Even without playing last season, running back Jordan Canzeri represents one of the few things that went right for the Iowa football team in 2012.
It went right simply because Canzeri didn’t play.
He saved a season of eligibility by redshirting, making him a third-year sophomore for this coming season instead of a junior.
He also gave his once-injured knee more time to heal and his competitive fire more time to burn.
Canzeri is now fully recovered and the third piece to an intriguing puzzle at running back. He has been listed behind juniors Mark Weisman and Damon Bullock on the depth chart throughout spring practice, which concludes with a scrimmage on Saturday at Kinnick Stadium. But it’s widely assumed that Canzeri will get his chance to contribute next season because he is too talented to leave on the sideline.
“Obviously, we all would like to have that starting position,” Canzeri said Wednesday at a press gathering. “But to know that we’re all working really hard for it and that there are several guys that are capable of having that position, it just makes you more confident in yourself and the team that you can be out there doing what you’re doing. And if something happens to you, you’ve got a person that you can rely on to do the same job.”
It’s hard not to be excited about Iowa’s situation at running back, although, you risk being disappointed, considering the bizarre stretch of attrition that has rocked the position under head coach Kirk Ferentz. Running back has been considered a position of strength many times before, only to have it decimated by injuries, disciplinary issues and player defections during the course of a season.
So the best thing for fans is take it one day at a time and hope that everybody stays healthy and stays out of trouble, and that Iowa offensive coordinator Greg Davis can devise a plan to use his three-headed attack in more ways than just by rotating them.
All three have shown they can carry the load, especially Weisman and Bullock, who rushed for 815 and 513 yards, respectively, last season. Canzeri has only started one game, but it came against Oklahoma in the 2011 Insight Bowl. He held his own as a true freshman with 58 rushing yards and 28 receiving yards.
What none of the three have shown so far, though, is the ability to stay healthy for an entire season. The situation became so dire last season that Canzeri almost has to shed his redshirt in the ninth game against Indiana.
Weisman already was out with an injury. So the plan was to ride Bullock from start to finish and only use Canzeri in an emergency. The emergency almost happened after Bullock twisted his knee while being tackled. He limped off the field, but returned a few plays later.
“The Indiana game I was actually told to get ready and get warmed up,” Canzeri said. “So I was mad with the injuries that I had. But I did get excited because, obviously, I had waited for so long to be able to step on to that field.
“But again, it was good to see Damon get back up. He was fine the next couple of plays. It was still hard to be so close to playing. But I understand why I wasn’t.
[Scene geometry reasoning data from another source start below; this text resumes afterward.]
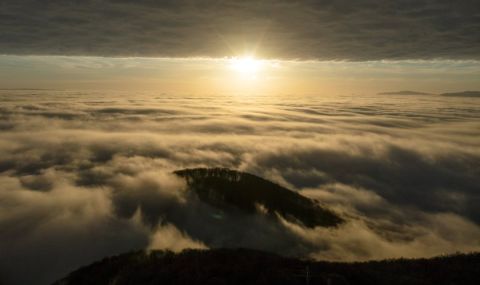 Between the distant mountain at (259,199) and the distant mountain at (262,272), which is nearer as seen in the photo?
the distant mountain at (262,272)

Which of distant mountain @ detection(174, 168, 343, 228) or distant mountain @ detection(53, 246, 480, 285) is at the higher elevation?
distant mountain @ detection(53, 246, 480, 285)

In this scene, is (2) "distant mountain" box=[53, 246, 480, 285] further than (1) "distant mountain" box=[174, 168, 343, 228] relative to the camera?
No

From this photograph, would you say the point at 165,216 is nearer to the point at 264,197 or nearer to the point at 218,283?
the point at 264,197

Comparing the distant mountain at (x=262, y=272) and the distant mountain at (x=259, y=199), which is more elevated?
the distant mountain at (x=262, y=272)

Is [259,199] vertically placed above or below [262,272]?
below

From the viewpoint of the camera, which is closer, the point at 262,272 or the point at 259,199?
the point at 262,272

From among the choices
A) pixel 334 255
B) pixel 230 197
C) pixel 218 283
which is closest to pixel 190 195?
pixel 230 197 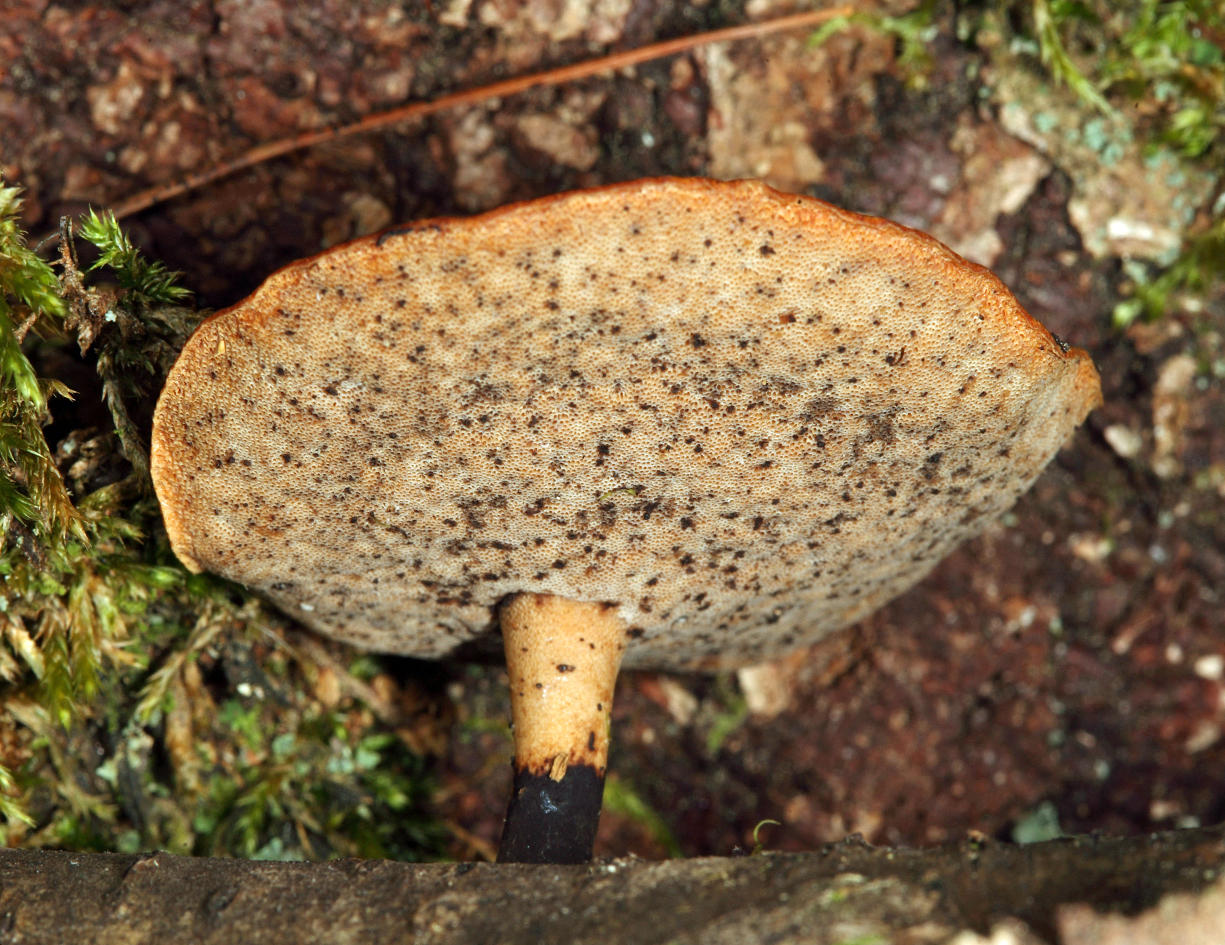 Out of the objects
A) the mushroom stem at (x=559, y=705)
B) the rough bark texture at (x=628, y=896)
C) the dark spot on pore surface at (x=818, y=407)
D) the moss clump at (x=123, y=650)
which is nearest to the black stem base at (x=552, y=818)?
the mushroom stem at (x=559, y=705)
So I was fine.”
Canzeri would’ve made a huge sacrifice if he had played that day. He would’ve given up eight games of his college career in order to help his team in a desperate situation.
A rumor persisted during the first half of last season that Canzeri was being prepared to play in the next game. The rumor eventually faded because it didn’t make sense to play Canzeri after the midway point of the season.
“Once I was 100 percent, I was pretty excited at the beginning of the season that I would still have a chance to play,” Canzeri said. “But after the first couple of games, I knew that I was ready if I had to go in. But I wished it wouldn’t happen and I hoped that it wouldn’t happen because it would be due to injuries.”
Canzeri appeared in seven games as a true freshman in 2011, capped by his extended duty in the Insight Bowl. He had momentum heading into spring practice last year, but then suffered a major knee injury in one of the first practices.
He was devastated by the injury, but Canzeri has since turned it into a positive.
“I just feel that all that has made me stronger mentally and physically just to be able to go through the rehab and come back even faster and be 100 percent now,” said Canzeri, who is a native of Troy, N.Y. “With spring being here and to be able to work with the team has just been real exciting.”
Much will be expected from Iowa’s running game next season, especially if the passing attack continues to sputter. In addition to providing proven depth, Canzeri, Weisman and Bullock all have contrasting running styles to make Iowa more versatile. The 236-pound Weisman is the bruiser, while Bullock and Canzeri are more dangerous in space.
“It’s really great since we’re all pretty diverse and since we’re all capable of having that starting position,” said the 5-foot-9, 192-pound Canzeri. “Mark is big, but he’s really fast. So is Damon and so am I.”
As for the attrition at running back, Canzeri said the players on the team look at it differently than some of the fans, who wonder and joke about a curse.
“We don’t talk about it in the way that other people do speaking about the bad luck and all that,” Canzeri said. “But we’ll talk about the guys before us because they were all great guys.
“We’ll have students come up to us and make jokes about the running back God and the back luck and all that stuff. And we just laugh about it because we don’t believe it and we’re not going to and it’s definitely not going to be like that next season.”
You hope that’s true because the Iowa running backs certainly deserve some good luck. And the team certainly needs them to be effective.